--- DATA PROVIDED Enclosed Below ---
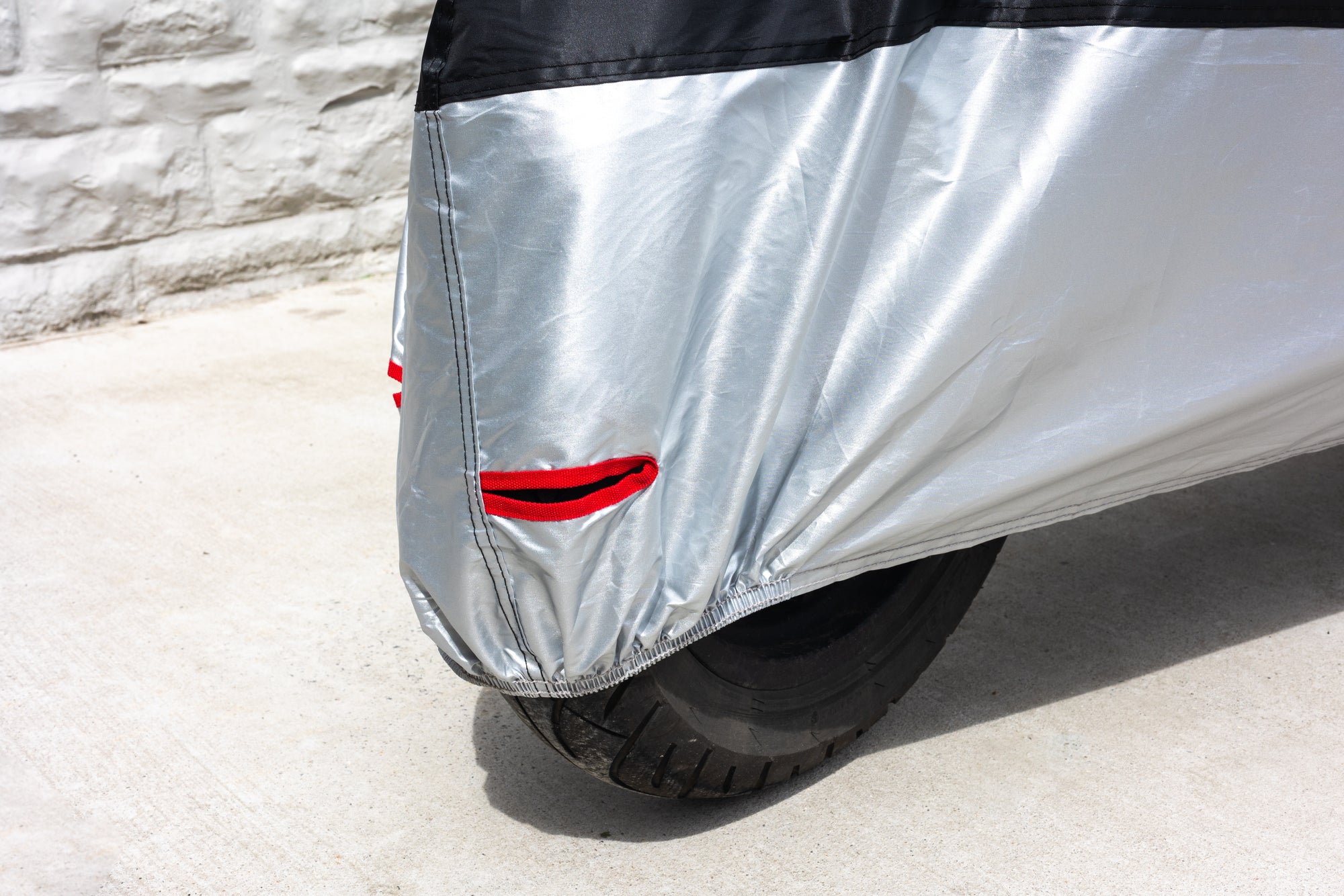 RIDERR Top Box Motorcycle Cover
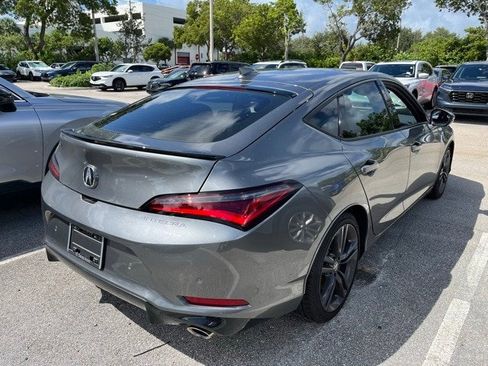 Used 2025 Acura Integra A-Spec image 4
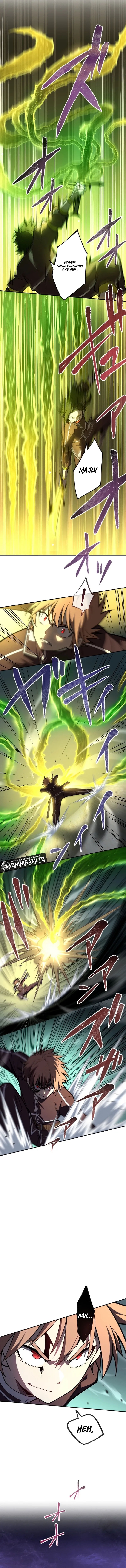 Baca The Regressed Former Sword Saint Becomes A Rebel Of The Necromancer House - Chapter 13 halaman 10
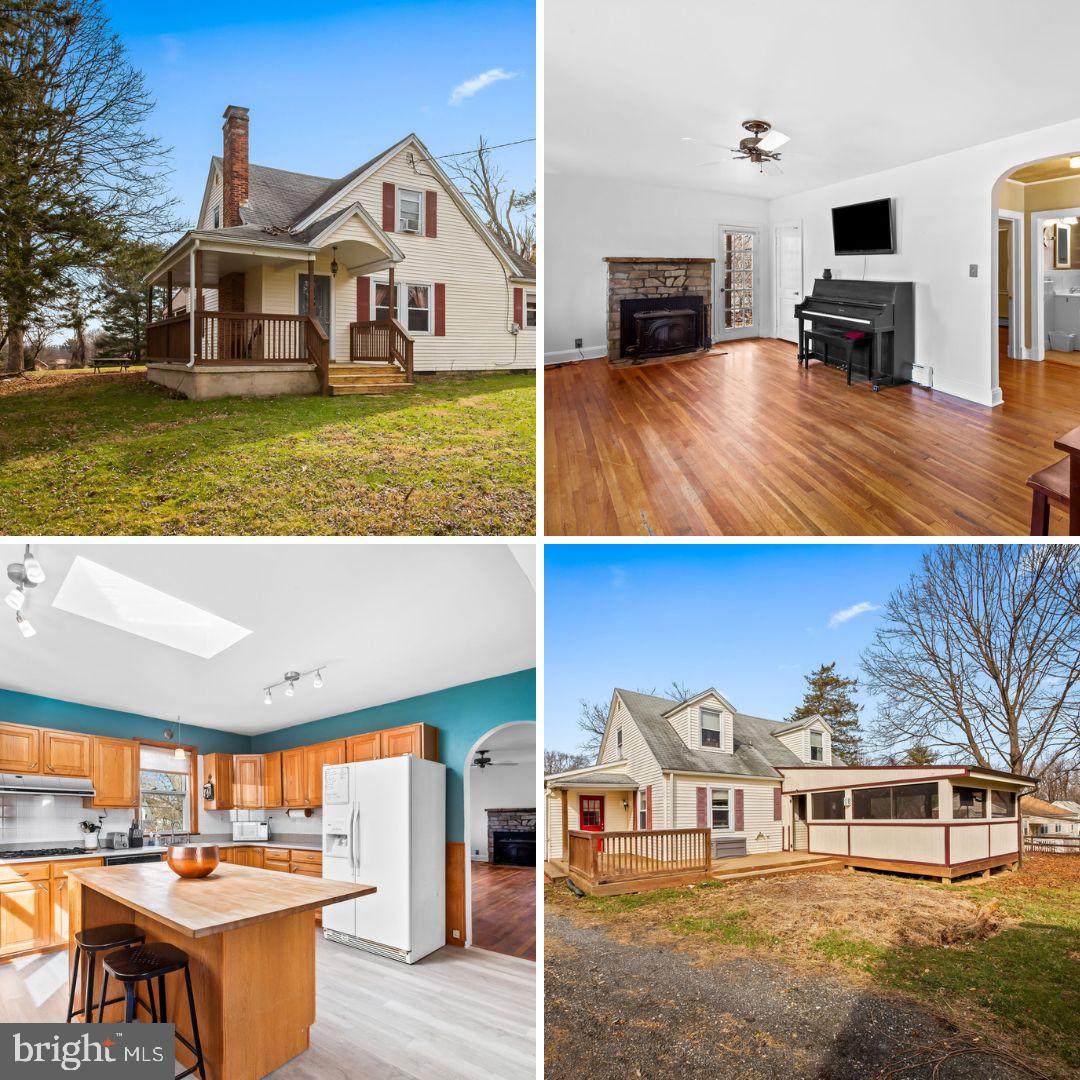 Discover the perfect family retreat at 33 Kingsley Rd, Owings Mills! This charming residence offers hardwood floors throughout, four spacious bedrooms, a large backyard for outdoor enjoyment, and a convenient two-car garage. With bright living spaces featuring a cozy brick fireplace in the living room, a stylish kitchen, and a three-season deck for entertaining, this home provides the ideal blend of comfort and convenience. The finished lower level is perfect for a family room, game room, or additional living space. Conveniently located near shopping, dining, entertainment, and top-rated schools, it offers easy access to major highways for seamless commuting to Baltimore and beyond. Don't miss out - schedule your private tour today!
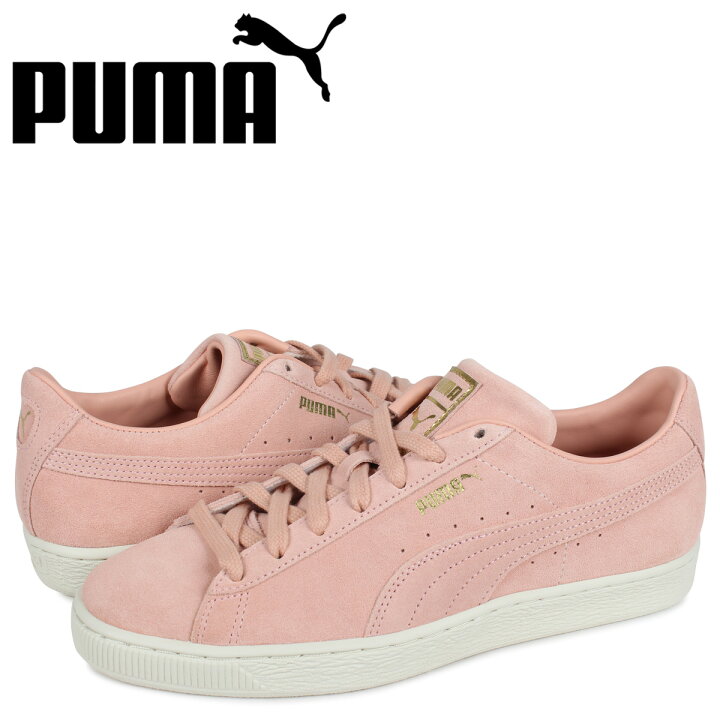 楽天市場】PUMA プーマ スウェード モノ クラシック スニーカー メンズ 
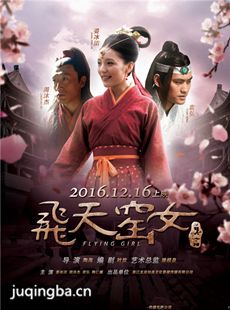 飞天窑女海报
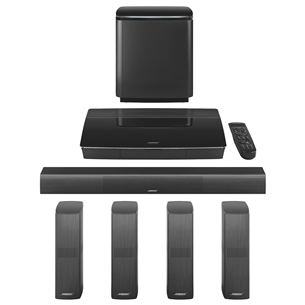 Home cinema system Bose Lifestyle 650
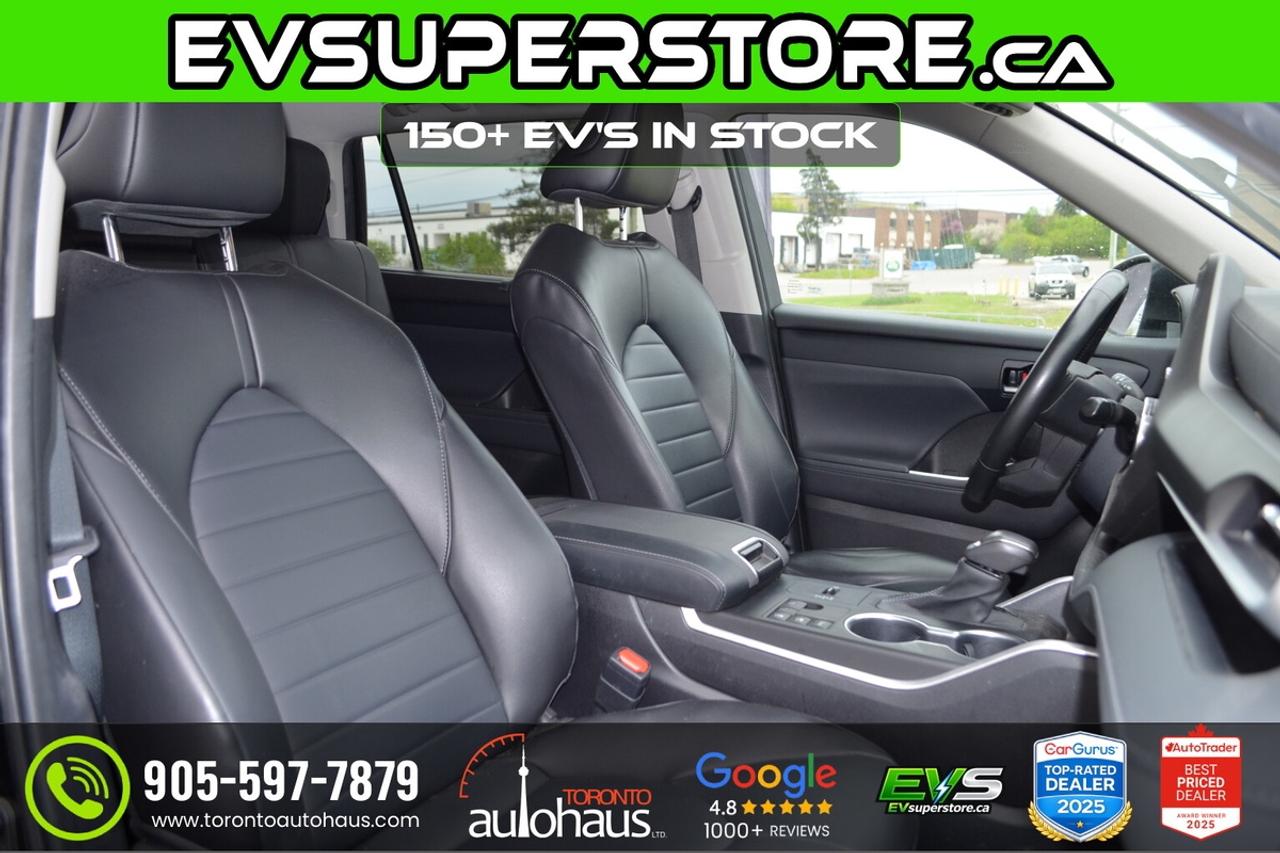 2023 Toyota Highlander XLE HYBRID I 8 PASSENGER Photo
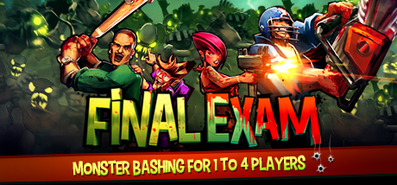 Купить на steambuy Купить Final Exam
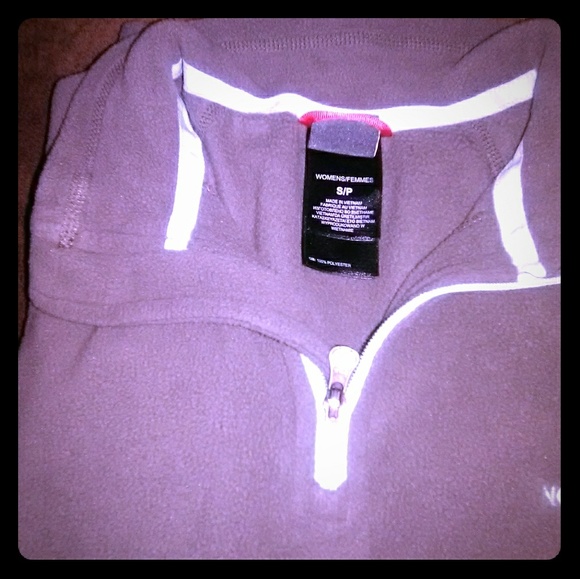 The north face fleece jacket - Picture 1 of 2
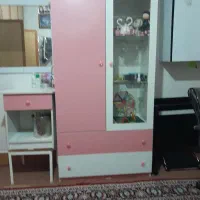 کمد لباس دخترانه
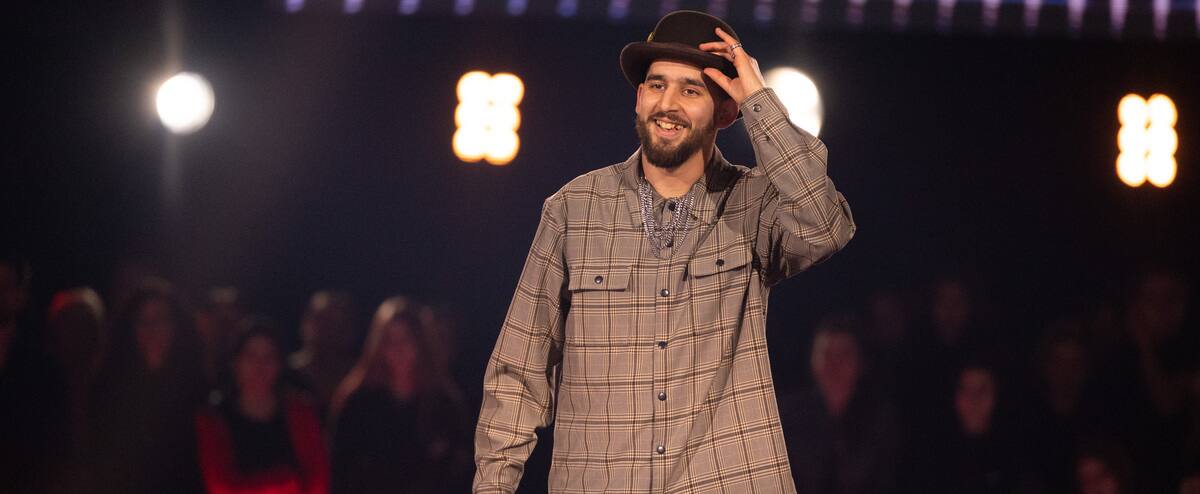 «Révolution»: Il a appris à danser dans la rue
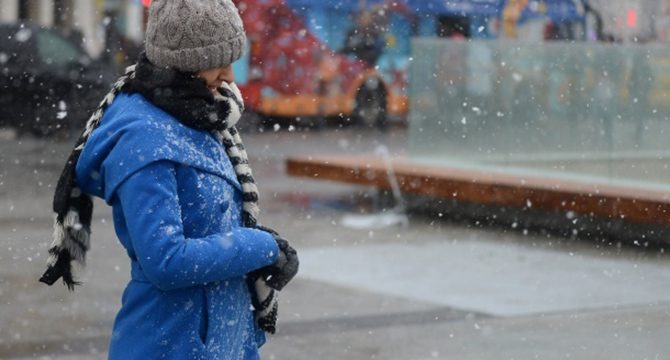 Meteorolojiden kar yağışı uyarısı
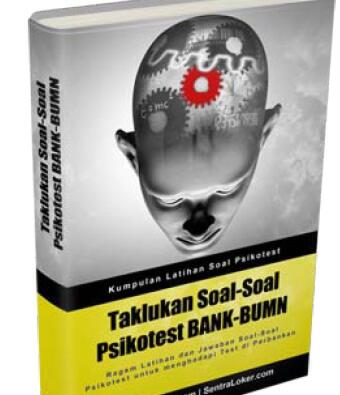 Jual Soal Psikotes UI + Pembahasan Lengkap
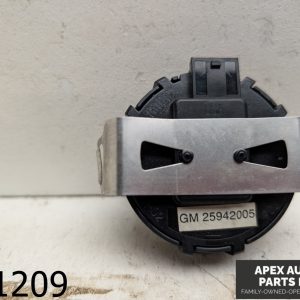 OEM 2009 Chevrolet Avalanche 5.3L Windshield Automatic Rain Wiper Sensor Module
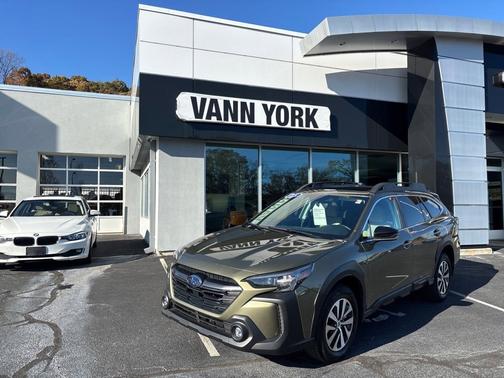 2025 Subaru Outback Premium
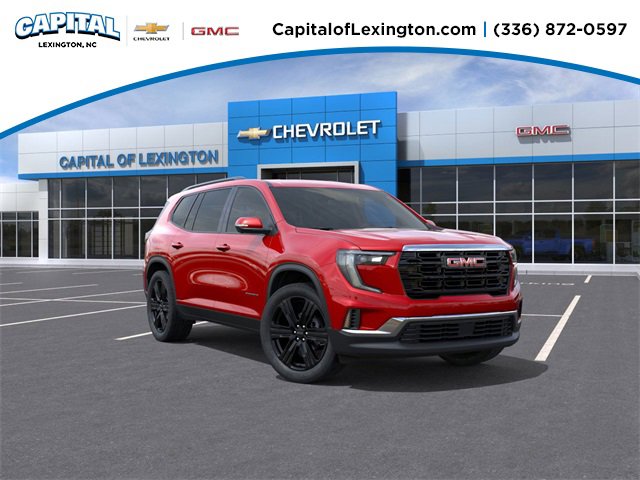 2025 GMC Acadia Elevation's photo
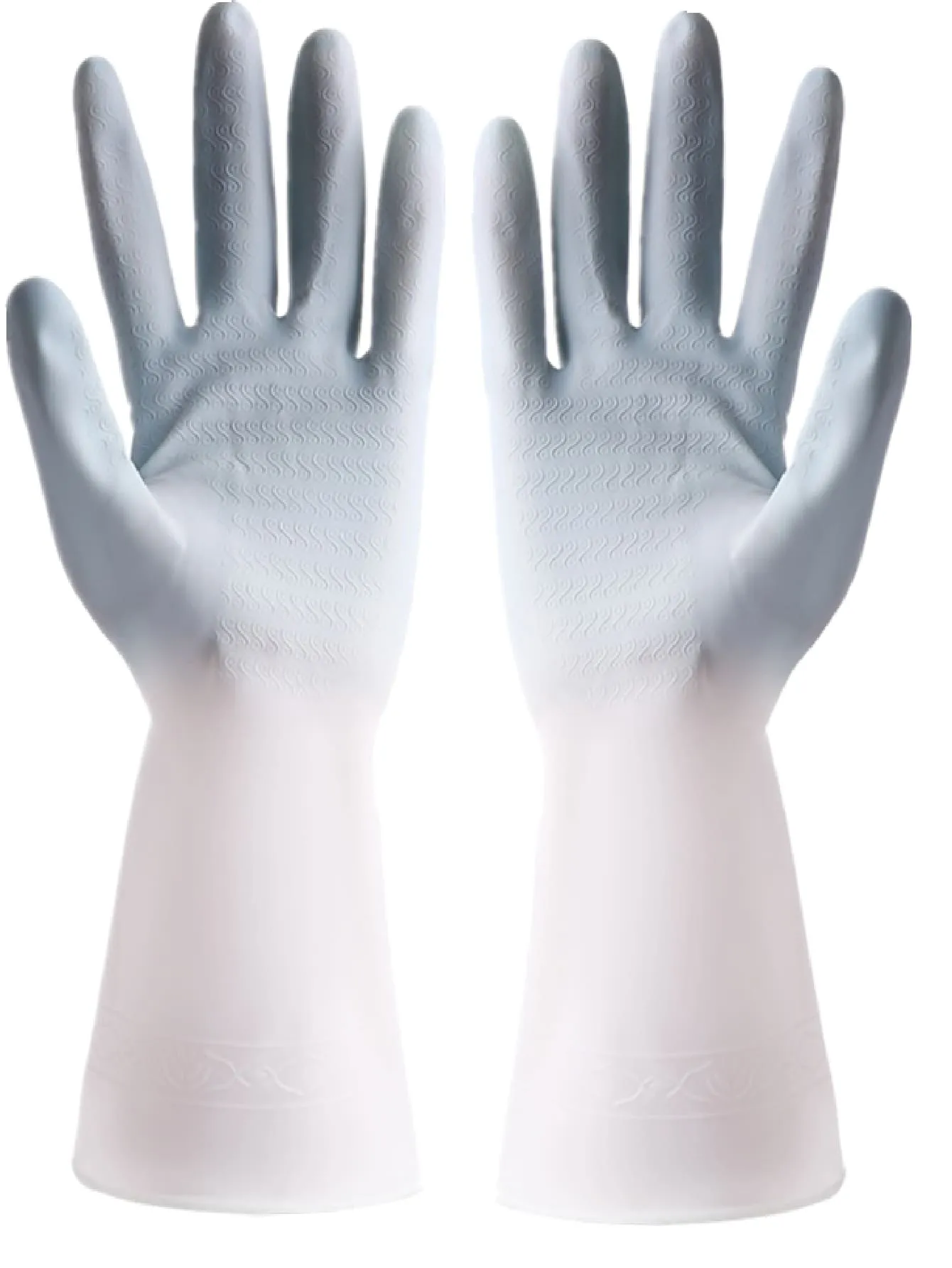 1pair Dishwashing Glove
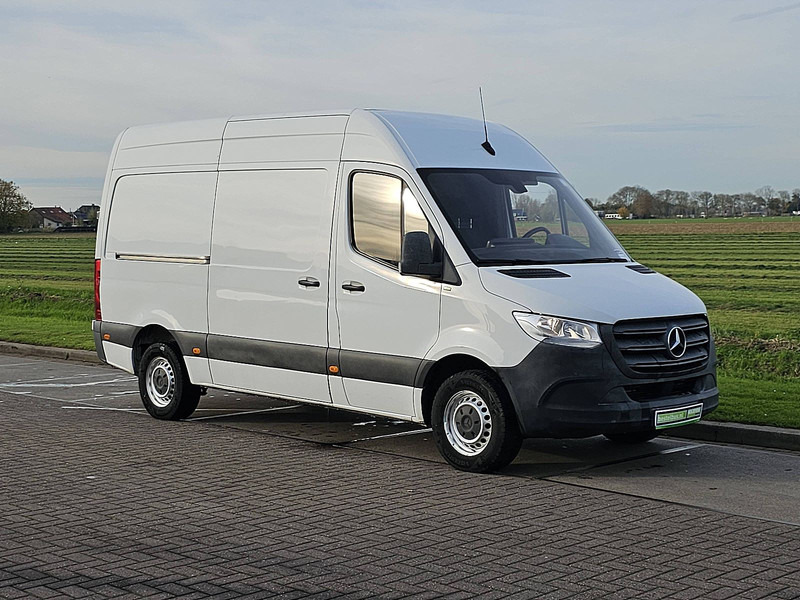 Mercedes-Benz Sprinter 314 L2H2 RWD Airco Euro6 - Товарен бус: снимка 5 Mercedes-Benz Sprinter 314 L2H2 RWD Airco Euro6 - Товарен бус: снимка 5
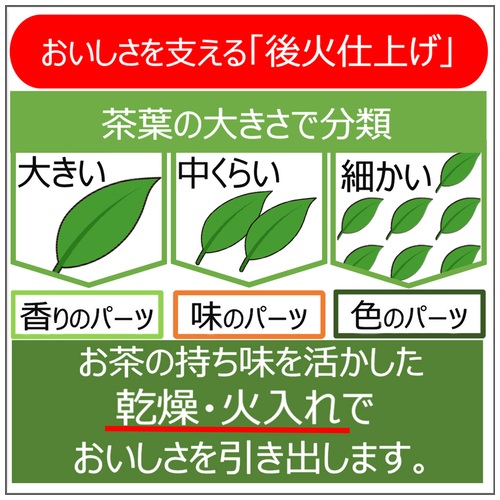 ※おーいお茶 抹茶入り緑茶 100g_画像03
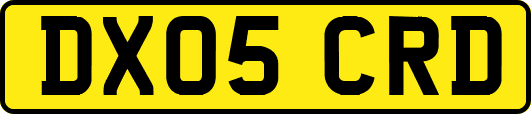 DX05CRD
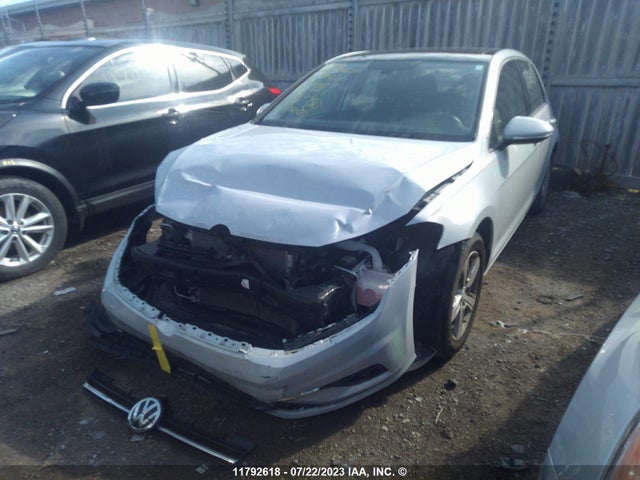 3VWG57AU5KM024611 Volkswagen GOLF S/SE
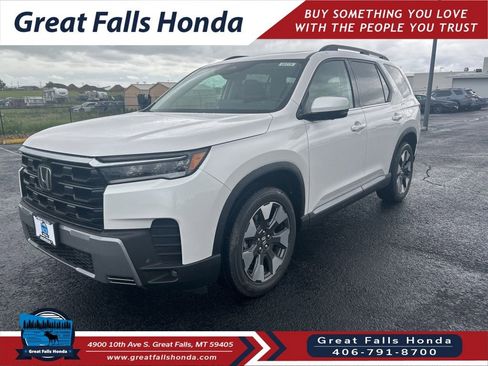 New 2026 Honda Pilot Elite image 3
--- End of Enclosed DATA PROVIDED ---
### [TASK INSTRUCTIONS]
Set down only the lines from the one with "楽天市場】PUMA プーマ スウェード モノ クラシック スニーカー メンズ" through the end of the entries, exactly as they appear, leaving out each picture.

### [ANSWER BELOW]
 楽天市場】PUMA プーマ スウェード モノ クラシック スニーカー メンズ 
 飞天窑女海报
 Home cinema system Bose Lifestyle 650
 2023 Toyota Highlander XLE HYBRID I 8 PASSENGER Photo
 Купить на steambuy Купить Final Exam
 The north face fleece jacket - Picture 1 of 2
 کمد لباس دخترانه
 «Révolution»: Il a appris à danser dans la rue
 Meteorolojiden kar yağışı uyarısı
 Jual Soal Psikotes UI + Pembahasan Lengkap
 OEM 2009 Chevrolet Avalanche 5.3L Windshield Automatic Rain Wiper Sensor Module
 2025 Subaru Outback Premium
 2025 GMC Acadia Elevation's photo
 1pair Dishwashing Glove
 Mercedes-Benz Sprinter 314 L2H2 RWD Airco Euro6 - Товарен бус: снимка 5 Mercedes-Benz Sprinter 314 L2H2 RWD Airco Euro6 - Товарен бус: снимка 5
 ※おーいお茶 抹茶入り緑茶 100g_画像03
 DX05CRD
 3VWG57AU5KM024611 Volkswagen GOLF S/SE
 New 2026 Honda Pilot Elite image 3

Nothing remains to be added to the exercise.